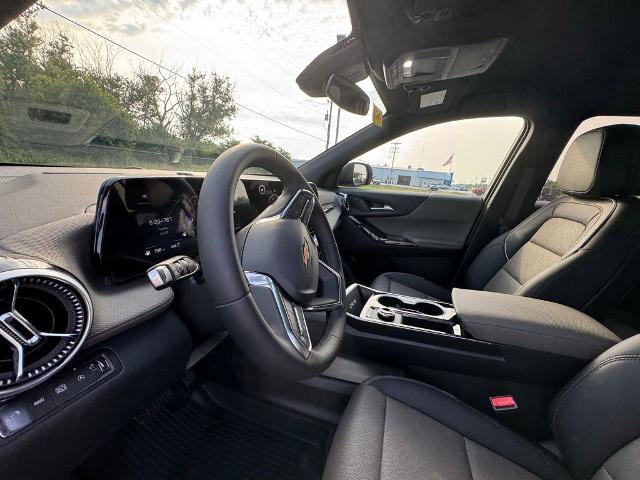 New 2026 Chevrolet Equinox LT w/ Convenience Package II image 21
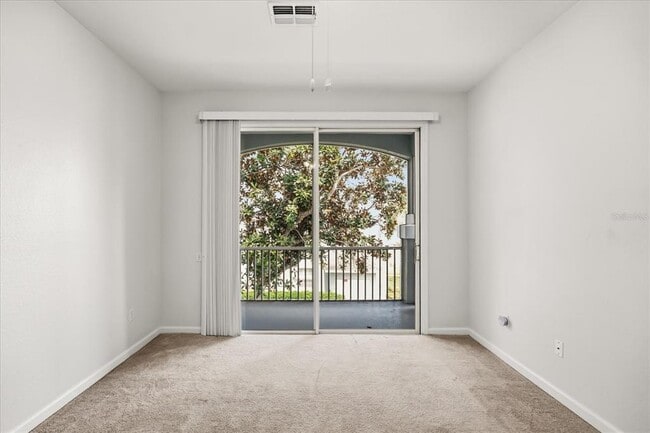 Building Photo - 8101 Coconut Palm Way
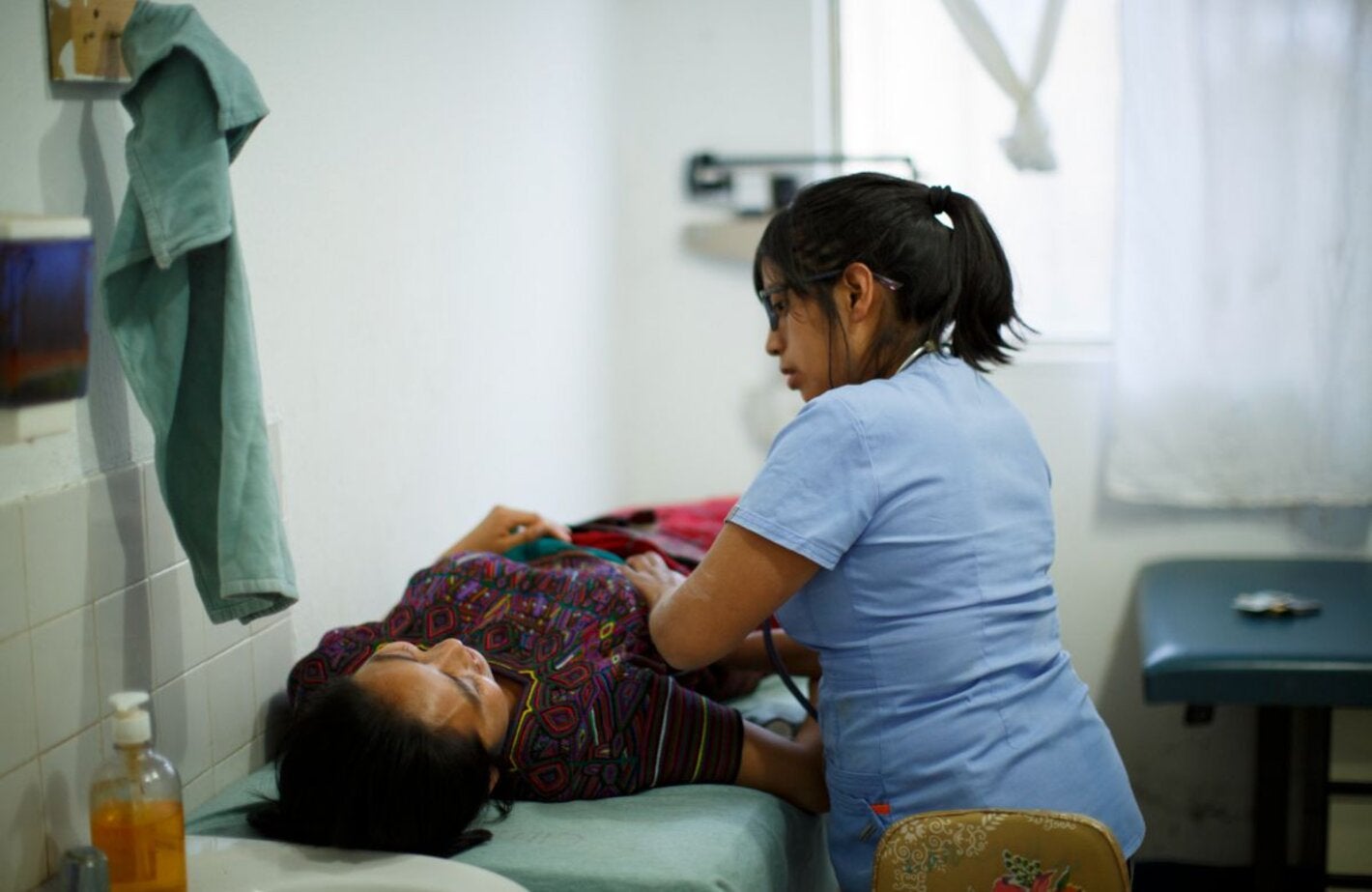 Enfermera con paciente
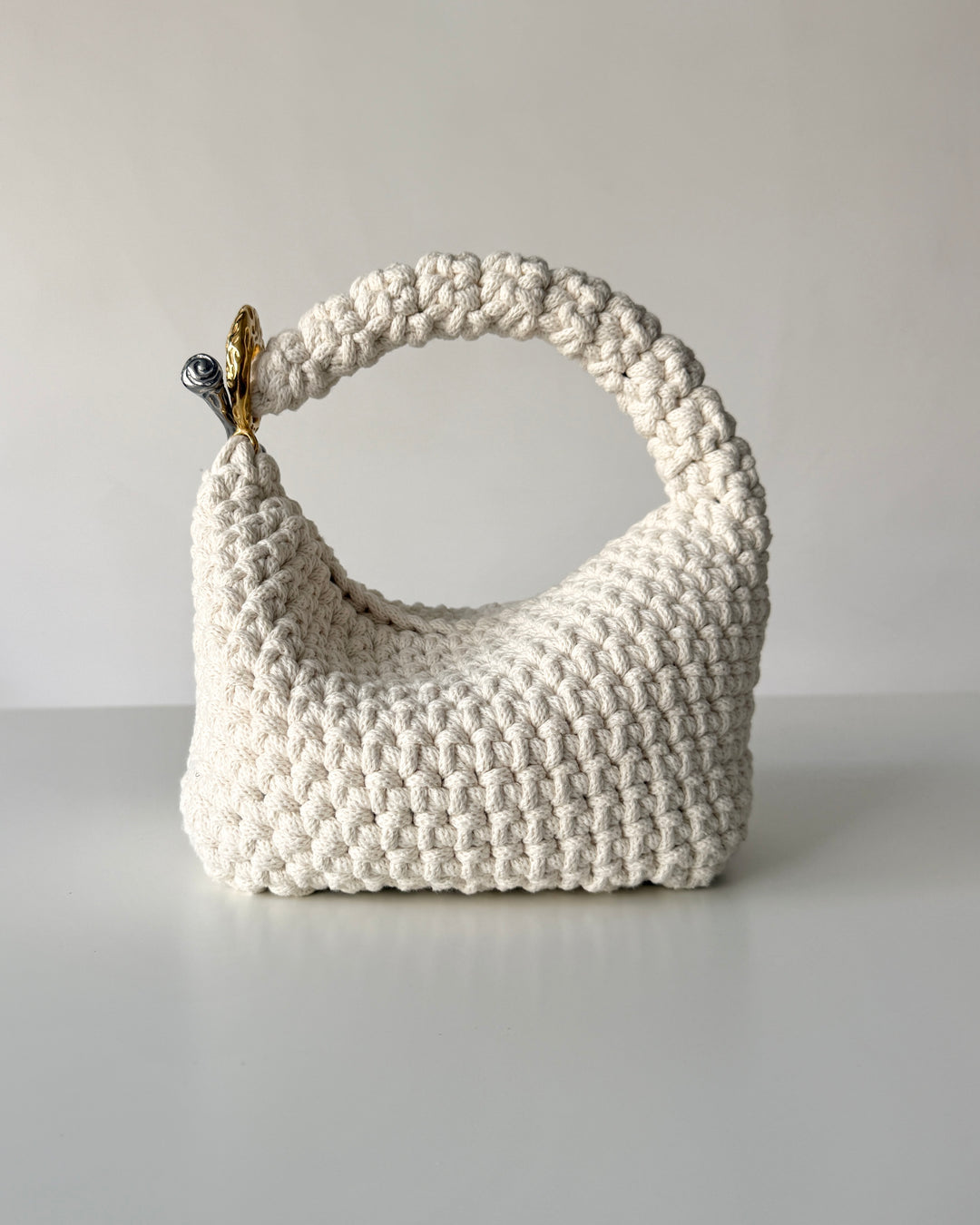Gigi Clasp Bag - White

EXERCISE AIM → Reproduce the listing word for word, but keep the pictures out of it.

EXERCISE RESULT →
 New 2026 Chevrolet Equinox LT w/ Convenience Package II image 21
 Building Photo - 8101 Coconut Palm Way
 Enfermera con paciente
Gigi Clasp Bag - White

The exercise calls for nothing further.